Su gesto era triste y pensativo. Yo no dije nada, le dejé hablar a él. Le limpié la cara a la niña y le di más agua.

– En enero hice una última cosa. Volví a París. Hay un nuevo edificio conmemorativo del Holocausto en el Marais, quizá te hayas enterado. -Asentí. Había oído hablar de él y tenía pensado ir a verlo en mi siguiente visita-. Lo inauguró Chirac a finales de enero. En la entrada hay un muro con nombres. Es un enorme muro de piedra gris con 76.000 nombres grabados. Los nombres de todos y cada uno de los judíos que fueron deportados de Francia.

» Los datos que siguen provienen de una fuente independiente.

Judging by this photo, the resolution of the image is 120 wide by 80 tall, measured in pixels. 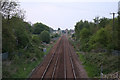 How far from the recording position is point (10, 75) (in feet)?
51.2

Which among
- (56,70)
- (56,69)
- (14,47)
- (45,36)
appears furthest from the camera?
(45,36)

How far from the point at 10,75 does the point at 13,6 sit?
1195 centimetres

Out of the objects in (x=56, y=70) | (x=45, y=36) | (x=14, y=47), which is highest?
(x=45, y=36)

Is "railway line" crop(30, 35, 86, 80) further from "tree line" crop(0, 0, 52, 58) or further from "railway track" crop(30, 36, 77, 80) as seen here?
"tree line" crop(0, 0, 52, 58)

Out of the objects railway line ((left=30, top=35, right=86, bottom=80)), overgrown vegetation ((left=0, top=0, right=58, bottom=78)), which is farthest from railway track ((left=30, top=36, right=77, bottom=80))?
overgrown vegetation ((left=0, top=0, right=58, bottom=78))

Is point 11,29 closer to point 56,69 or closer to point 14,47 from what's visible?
point 14,47

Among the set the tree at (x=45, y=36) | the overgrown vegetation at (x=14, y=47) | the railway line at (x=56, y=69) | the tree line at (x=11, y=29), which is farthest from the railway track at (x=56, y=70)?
the tree at (x=45, y=36)

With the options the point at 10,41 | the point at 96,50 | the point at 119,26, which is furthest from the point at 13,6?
the point at 96,50

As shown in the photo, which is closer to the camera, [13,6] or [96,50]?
[13,6]

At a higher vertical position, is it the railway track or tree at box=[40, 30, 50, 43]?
tree at box=[40, 30, 50, 43]

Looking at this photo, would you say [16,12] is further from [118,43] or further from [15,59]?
[118,43]

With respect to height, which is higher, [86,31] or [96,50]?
[86,31]

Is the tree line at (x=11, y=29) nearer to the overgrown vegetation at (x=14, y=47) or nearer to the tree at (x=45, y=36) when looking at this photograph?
the overgrown vegetation at (x=14, y=47)

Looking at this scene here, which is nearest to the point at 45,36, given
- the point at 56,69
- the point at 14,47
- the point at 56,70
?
the point at 14,47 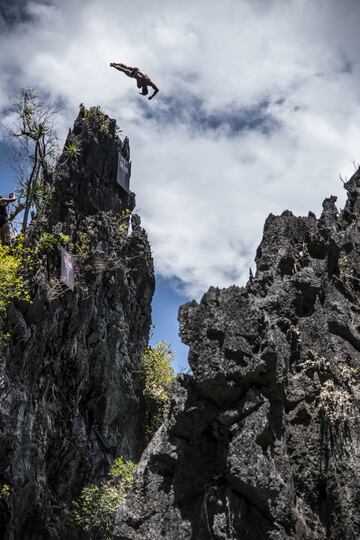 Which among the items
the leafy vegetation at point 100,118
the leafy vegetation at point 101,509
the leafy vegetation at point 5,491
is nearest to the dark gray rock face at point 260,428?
the leafy vegetation at point 5,491

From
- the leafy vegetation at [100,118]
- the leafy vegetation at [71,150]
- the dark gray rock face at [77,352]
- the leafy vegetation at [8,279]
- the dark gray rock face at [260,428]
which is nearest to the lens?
the dark gray rock face at [260,428]

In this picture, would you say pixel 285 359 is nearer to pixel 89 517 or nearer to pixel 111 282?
pixel 89 517

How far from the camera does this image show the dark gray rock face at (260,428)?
21.1 feet

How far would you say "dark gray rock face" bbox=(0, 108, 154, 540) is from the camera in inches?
723

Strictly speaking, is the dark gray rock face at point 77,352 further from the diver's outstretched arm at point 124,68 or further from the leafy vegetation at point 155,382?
the diver's outstretched arm at point 124,68

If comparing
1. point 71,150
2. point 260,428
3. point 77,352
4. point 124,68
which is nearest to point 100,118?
point 71,150

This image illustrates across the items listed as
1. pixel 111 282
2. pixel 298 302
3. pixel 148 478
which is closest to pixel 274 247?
pixel 298 302

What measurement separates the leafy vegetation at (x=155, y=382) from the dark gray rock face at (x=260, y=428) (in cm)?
2121

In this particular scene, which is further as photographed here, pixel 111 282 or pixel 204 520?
pixel 111 282

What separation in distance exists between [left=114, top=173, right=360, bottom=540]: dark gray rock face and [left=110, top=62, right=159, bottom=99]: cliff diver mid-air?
1514cm

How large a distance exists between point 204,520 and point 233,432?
112 centimetres

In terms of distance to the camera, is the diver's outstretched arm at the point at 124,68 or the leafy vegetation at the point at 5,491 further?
the diver's outstretched arm at the point at 124,68

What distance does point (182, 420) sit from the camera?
7402 mm

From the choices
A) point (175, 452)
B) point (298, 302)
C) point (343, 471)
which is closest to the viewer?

Observé cómo sus dedos recorrían el borde de la taza de café. Me resultaba difícil mirarle directamente a la cara.

– Fui a buscar sus nombres, y allí estaban: Wladyslaw y Rywka Starzynski. Mis abuelos. Sentí la misma paz que había encontrado en Auschwitz, y también el mismo dolor. Agradecí que no los hubieran olvidado, que los franceses los recordaran y honraran de aquella forma. Había gente llorando delante de ese muro, Julia. Mayores, jóvenes, personas de mi edad que tocaban el muro con los dedos y lloraban.

William hizo una pausa y soltó aire por la boca, poco a poco. Yo mantuve la mirada en la taza y en sus dedos. La jirafa de la niña soltó un pitido, pero casi no la oíamos.